Безусловно, актуален и вопрос о том, достигает ли неосторожное разглашение сведений о мерах безопасности уровня общественной опасности, присущего преступному посягательству. Сомнения в правильности положительного ответа на поставленный вопрос, думается, возможны лишь в отношении деяния, предусмотренного ч. 1 ст. 311 УК. Предание огласке соответствующих данных в том случае, когда оно повлекло тяжкие последствия (ч. 2 ст. 311 УК), на наш взгляд, представляет опасность и тогда, когда произошло в результате неосмотрительного поведения виновного. Нам представляется, что вопрос о форме вины в составах разглашения данных о мерах безопасности следовало бы в законе решить дифференцировано. В ч. 1 ст. 311 УК целесообразно было бы указать на умышленный характер деяния, а применительно к квалифицированному составу — допустить возможность неосторожной формы вины.
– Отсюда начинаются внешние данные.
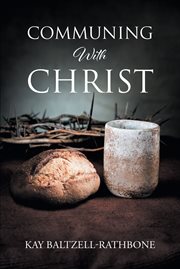 Communing with christ cover image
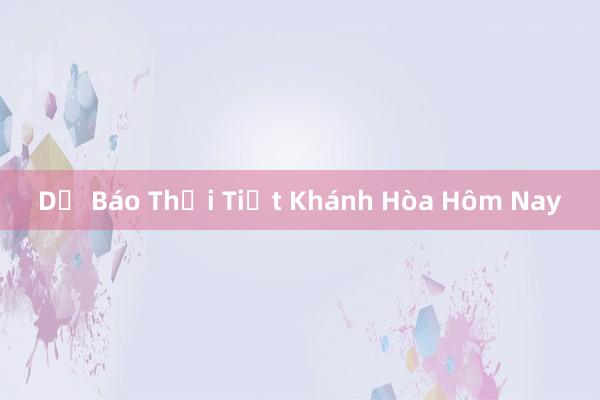 Dự Báo Thời Tiết Khánh Hòa Hôm Nay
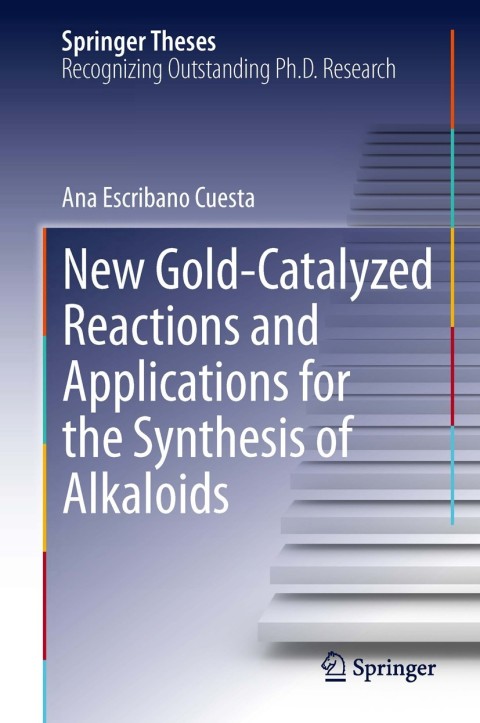 Cover image for book New Gold-Catalyzed Reactions and Applications for the Synthesis of Alkaloids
При этом формулировку диспозиции ч. 2 данной статьи следовало бы изменить, отказавшись от конструкции типа «то же деяние...» и воспроизведя в тексте названной части указание на другие признаки простого состава преступления.
Раскрывая содержание квалифицирующего признака, необходимо, думается, исходить из целевого назначения нормы, закрепленной в ст. 311 УК. Тяжкие последствия могут, во-первых, выразиться в существенном фактическом нарушении безопасности защищаемых лиц (убийство, причинение вреда здоровью, причинение значительного имущественного ущерба и т. п.), во-вторых, в отклонении охраняемого субъекта от выполнения его процессуальной функции или обязанностей по исполнению судебного акта (вынесение судьей неправосудного приговора, отказ свидетеля от дачи показаний или дача им заведомо ложных показаний и т. п.), в-третьих, такие последствия могут заключаться в материальных и людских потерях, которые связаны с пресечением или предотвращением посягательств на лиц, в отношении которых были применены меры безопасности (лишение жизни работника правоохранительного органа либо причинение вреда его здоровью, существенные материальные затраты на применение дополнительных мер безопасности и т. д.).
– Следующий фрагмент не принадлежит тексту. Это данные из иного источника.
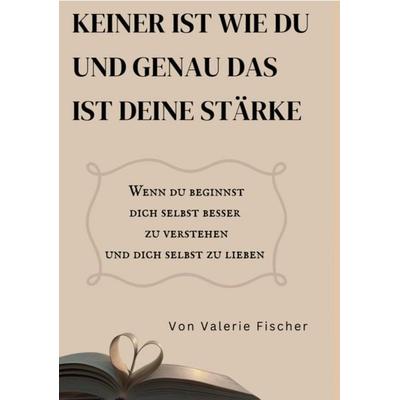 Keiner ist wie du und genau das ist deine Stärke, Taschenbuch von Valerie Fischer, Bookmundo, 978-94-038-8966-5
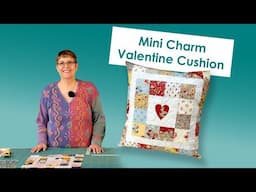 How to make a quilted Mini Charm Valentine heart cushion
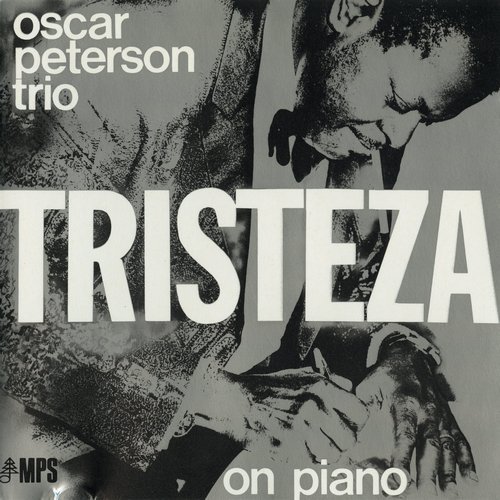 Oscar Peterson - Tristeza on Piano (1970) CD Rip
Закономерен и вопрос о субъекте данного квалифицированного состава преступления. Он актуален в связи с содержанием ч. 3 ст. 19 Федерального закона «О государственной защите судей, должностных лиц правоохранительных и контролирующих органов». Здесь говорится: «Разглашение защищаемым лицом сведений о применяемых в отношении него мерах безопасности в случае, если это привело к тяжким последствиям для других лиц, влечет за собой уголовную ответственность»[339]. К сожалению, это справедливое указание Закона не подкреплено уголовно-правовой санкцией. Существующая формулировка ч. 2 ст. 311 УК позволяет относить к числу субъектов предусматриваемого ею преступления лишь лиц, которые могут привлекаться к уголовной ответственности на основании ч. 1 данной статьи. Но так называемые защищаемые субъекты могут, во-первых, вовсе не находиться в отношениях службы (присяжные заседатели). А во-вторых, находясь в подобных отношениях, информацию о мерах безопасности они получают отнюдь не в связи непосредственно со служебной деятельностью, а постольку, поскольку именно в целях обеспечения их безопасности применяются соответствующие меры. Предложенное выше изменение конструкции квалифицированного состава преступления позволило бы устранить и эту несогласованность между упомянутым Законом и УК. На наш взгляд, уголовная ответственность за разглашение сведений о мерах безопасности, повлекшее тяжкие последствия, не должна ставиться в зависимость от наличия у лица каких-то специальных свойств.
Разумеется, наступившие последствия должны находиться в причинной зависимости от предания сведений о мерах безопасности огласке, хотя причинная связь в этом случае не всегда может быть прямой. Психическое отношение виновного к рассматриваемому квалифицирующему признаку, как представляется, может выразиться как в умысле, так и в неосторожности.